Ken May 7, 2013 at 10:17 pm

Shoot me, I’m just a collector………

jim May 8, 2013 at 1:07 am

Sorry, but being on a fixed income I don’t get inflation adjustments so if the price goes up it’s more money out of my pocket percentage wise and less for me to spend on the other things that make my life worth living.

Boz May 8, 2013 at 10:19 am

You can see there are another quarter million former collectors who also have the same fixed income issues, and have dropped out of the market. This doesn’t speak well for the future of coin collecting.

RonnieBGood May 8, 2013 at 10:25 am

Hi Jim, If you receive fixed income from Social Security you do get an inflation adjustment (for years there is calculated inflation). SS recipients received a 1.7% SS increase in January this year (myself included). Even so this is arguably not real inflation as several important items such as auto gas are not included in the inflation adjustment calculation.

It is a difficult paradigm for the US Mint. Coins minted in Silver and Gold has a much greater collectability factor. But the cost of owning coins minted in Silver and Gold have become out of the reach of older Americans on fixed incomes and younger Americans with a limited disposable income for themselves and/or their young families.

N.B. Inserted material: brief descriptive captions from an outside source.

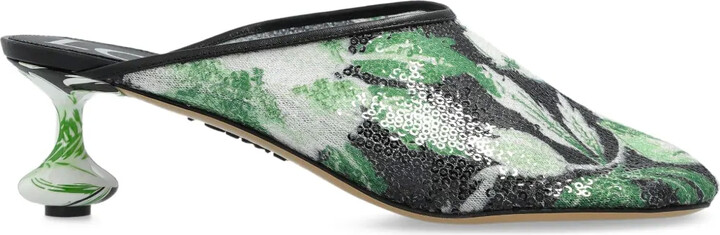 Loewe 45mm Floral-Print Mules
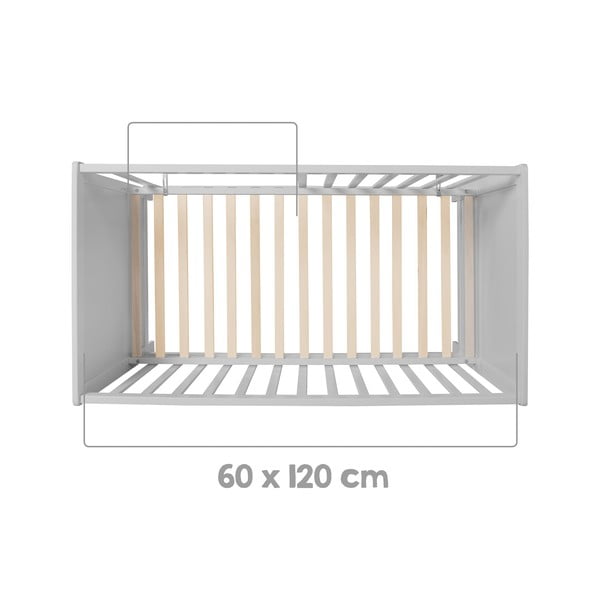 Siva/sivorjava otroška posteljica 60x120 cm Hamburg – Roba-image-3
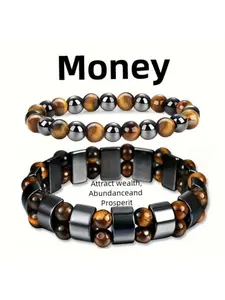 2pcs Double Protection Bracelets, Abundance and Prosperity, Tiger Eye Stone & Obsidian, Handmade, Ideal Holiday Gift, Gemstone Bracelet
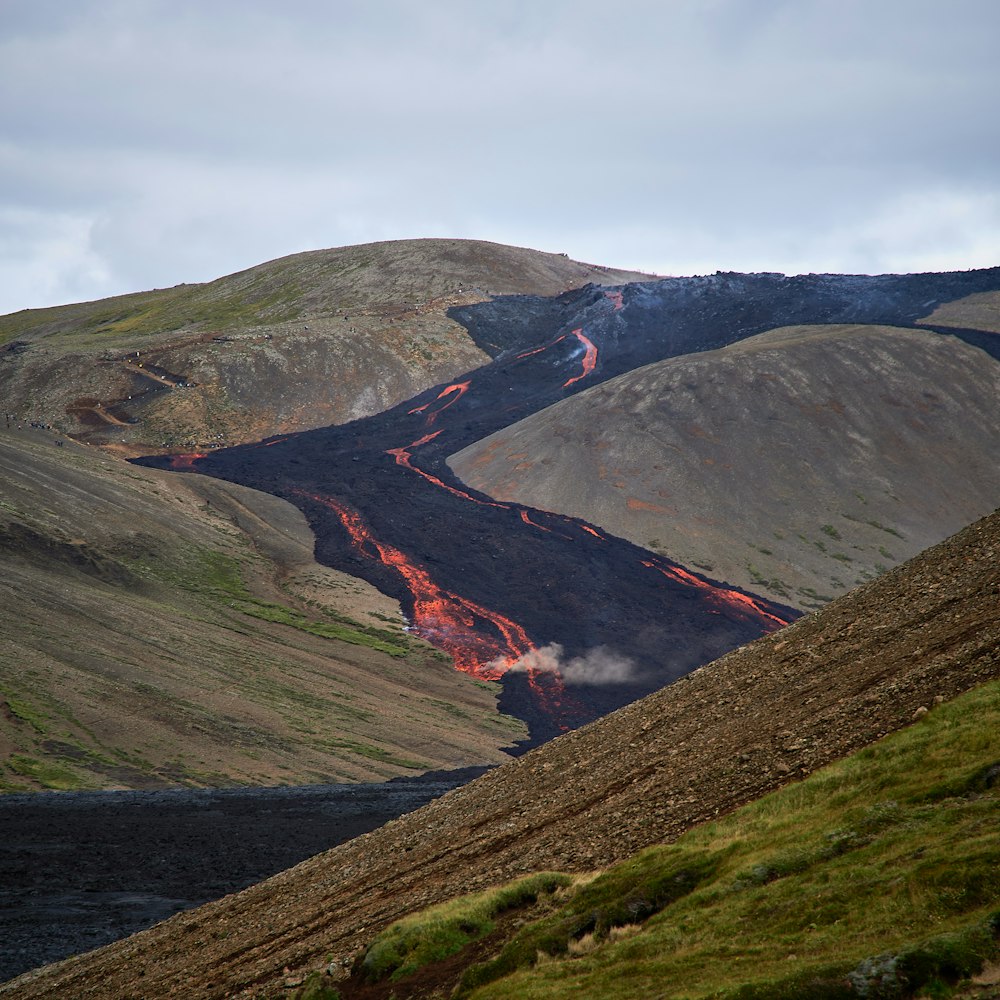 a mountain with a road going through it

Arguments can be made for the Circulating State and ATB quarter series and the presidential series available at banks but these have no precious metals value and collectors will soon lose interest. How many kids/grandkids lost interest in filling their State quarter series books before the series ended?

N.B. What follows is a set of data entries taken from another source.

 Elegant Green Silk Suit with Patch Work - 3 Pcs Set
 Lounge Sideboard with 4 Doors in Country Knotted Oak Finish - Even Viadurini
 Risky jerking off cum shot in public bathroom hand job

The hobby is at risk of losing both new and old generations by being priced beyond the average American’s reach. The greatest risk being the loss of new generations to the hobby.

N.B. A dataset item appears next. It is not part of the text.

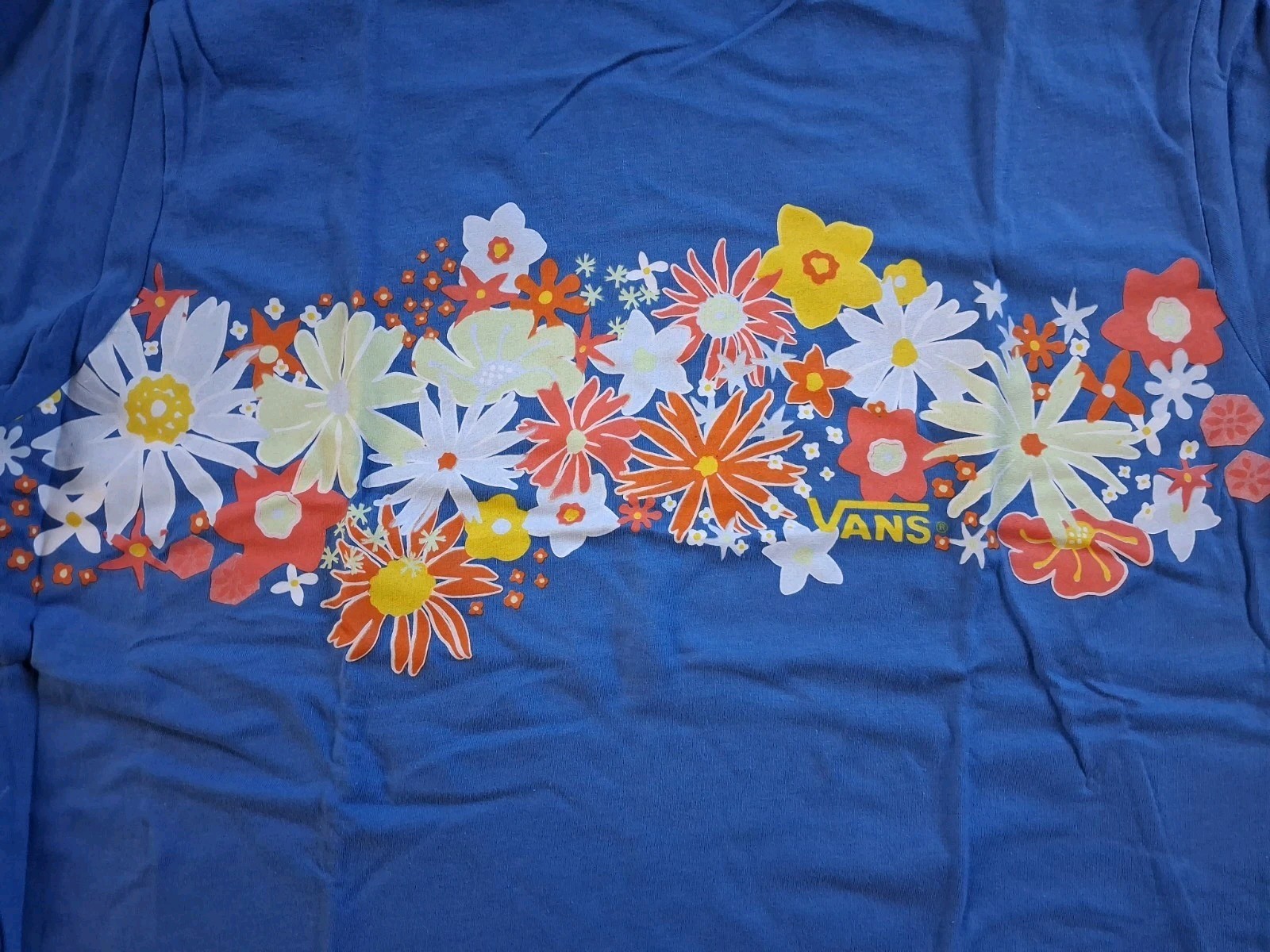 Vans Mens Shirt Large Aloha Blue Floral Graphic Print Short Sleeve T Shirt NWT gallery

jim May 9, 2013 at 9:50 am

RBG – you’re right. New coins in my collection tend to be mostly silver these days. Now I look at a coin’s rarity or uniqueness to other similar coins (for example the two-coin silver eagle set available today) before buying. Commemoratives are another area for uniqueness (can’t wait to see the final designs for the Baseball and US Marshal commemoratives) or historical markers like the last Canadian proof and uncirculated sets to contain a penny. Because these kinds of coins tend to show up only once or twice a year budgeting the money for them is a lot easier. And I’m already putting a little aside each year, getting ready for the eagle 30th and buffalo 10th anniversaries in 2016. I think they will contain something special.

Griffin May 9, 2013 at 12:09 pm

I just did some quick math based on the cart above. The mint raises its premium a set percentage over the spot melting price, right? Well they need to change their policy because they are loosing sales and money. When the sale price was 44.95 at a premium of 27.49 over spot, they sold 774,874 units which = $34,830,586.30. Now when they sold them for 67.95 at 31.31 over spot they sold 395,443 units which = $26,870,351.85. If they had kept the premium at say 27.49 over spot they may have sold the same number of units and still profited over 34 million dollars. Instead they made $7,960,234.45 less. What kind of business strategy are they using over there???

mike May 9, 2013 at 1:39 pm

2013 SILVER EAGLE WEST POINT SET —– US Mint web site crashes, phones backed up, orders now shipping late July. Wow they must only be minting 100,000 of these sets. Better get them while you can before they pull the plug!

jim May 9, 2013 at 4:29 pm

Griffin – answer to your first question – not for silver products. They follow the pricing guide for gold and platinum coins but there’s no published pricing guide for silver coins. How they price silver products is apparently a closely kept secret. Probably why they have to shut down sales so they can have a meeting to discuss what the new prices should be. Inefficient if you ask me, but then what else do the deputy director and his immediate minions have to do anyway?